Denkpause vom 12. April 2025

von Manja Pietzcker
min
12.04.2025
Wer weiss, vielleicht wusste der Esel, auf dem Jesus nach Jerusalem kam, viel mehr von der geheimnisvollen Geschichte, die Gott da mit den Menschen verhandelt, als wir alle ahnen?

Der Esel - damit meine ich nicht den speziellen Mitmenschen, dem Sie vielleicht gern mal diesen Titel geben würden. Sondern es soll heute tatsächlich um die Vierbeiner gehen, meist grau-braun, nicht allzu gross und mit langen Ohren (und nein, trotz der langen Ohren und wegen des Datums: es geht auch nicht um den Osterhasen).

So ein Esel ist schon ein sehr besonderes Tier. Kein stattliches Pferd. Zum Reiten eigentlich irgendwie zu klein, und auch vor einer Kutsche macht er sich nicht so besonders. Vor allem auch, weil er sich sprichwörtlich störrisch anstellen kann, und dann ist es eher schwierig, rechtzeitig oder überhaupt das Ziel zu erreichen.

Und doch spielt er immer mal wieder eine sehr besondere Rolle. Den Ruf, störrisch zu sein, verdankt er nämlich der Tatsache, dass er im Gegensatz zum Pferd kein Fluchttier ist. Sondern in der Gefahr quasi erstarrt und sehr wehrhaft sein kann, weshalb er zum Beispiel auch hier und da als «Herdenschutz-Tier» gegen die Wölfe eingesetzt wird.

Und in der Bibel spielt er häufiger sogar eine ganz zentrale Rolle. Und da meine ich nicht unbedingt nur die allseits bekannte Szene im Stall in Bethlehem, wo Marias Reittier gemeinsam mit dem Ochsen erstaunt beobachtet, dass statt Futter plötzlich ein kleines Kind in der Krippe liegt.

Sondern ich meine heute besonders die Szene, die den wichtigsten Auftritt des erwachsenen Jesus markiert: den Einzug in Jerusalem. Diesen feiern wir jedes Jahr am Sonntag Palmarum.
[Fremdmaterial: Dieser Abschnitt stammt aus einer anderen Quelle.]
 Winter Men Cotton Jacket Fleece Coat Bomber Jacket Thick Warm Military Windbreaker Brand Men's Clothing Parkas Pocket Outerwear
Weil Jesus, diesmal selber reitend (nicht wie 35 Jahre vorher im Bauch Mariens), erneut auf einem Esel kommt und wie ein König empfangen wird. Die Menschen winken und bilden mit Palmwedeln ein Ehrenspalier, legen sogar ihre Mäntel wie einen roten Teppich aus.
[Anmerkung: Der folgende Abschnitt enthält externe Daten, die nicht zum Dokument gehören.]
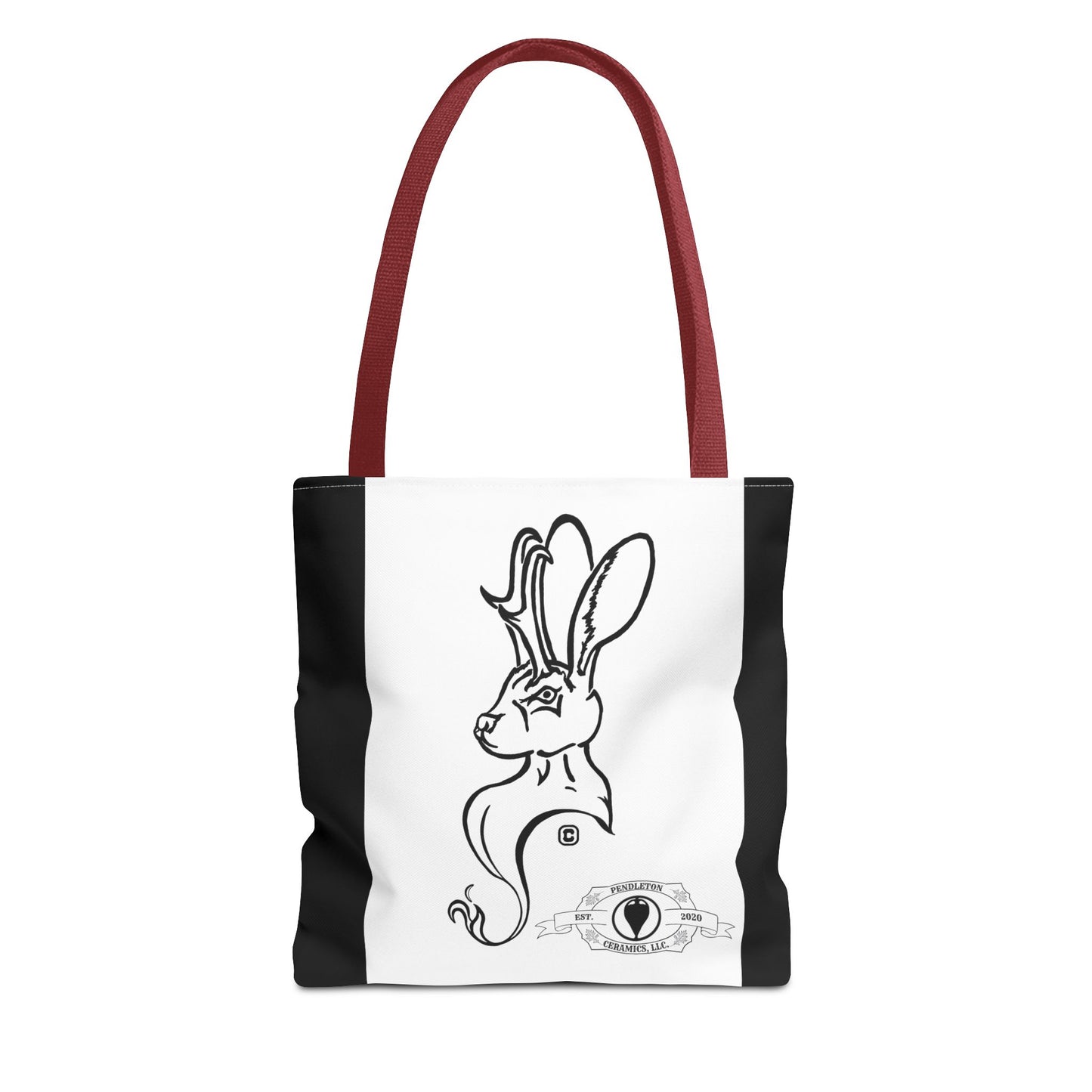 Jackalope Bust Drawing Tote Bag with Black Stripe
Ein Triumphzug, der so manchem ein Dorn im Auge ist und deshalb auch sozusagen letztlich ins Auge geht … Wobei es wohl so kommen sollte. Jesus jedenfalls ist der Meinung, dass es unausweichlich ist, was nach seinem gefeierten Einzug in Jerusalem geschieht. Dass er sich mit den Händlern im Tempel anlegt (und dabei vollständig die Beherrschung verliert … hätte man ihm gar nicht zugetraut), dass er sich von seinen Freunden mit einem denkwürdigen letzten Mahl verabschiedet und danach mutterseelenallein verzweifelt betet. Dass er dann gesucht, verraten, verhaftet, verurteilt und letztlich hingerichtet wird.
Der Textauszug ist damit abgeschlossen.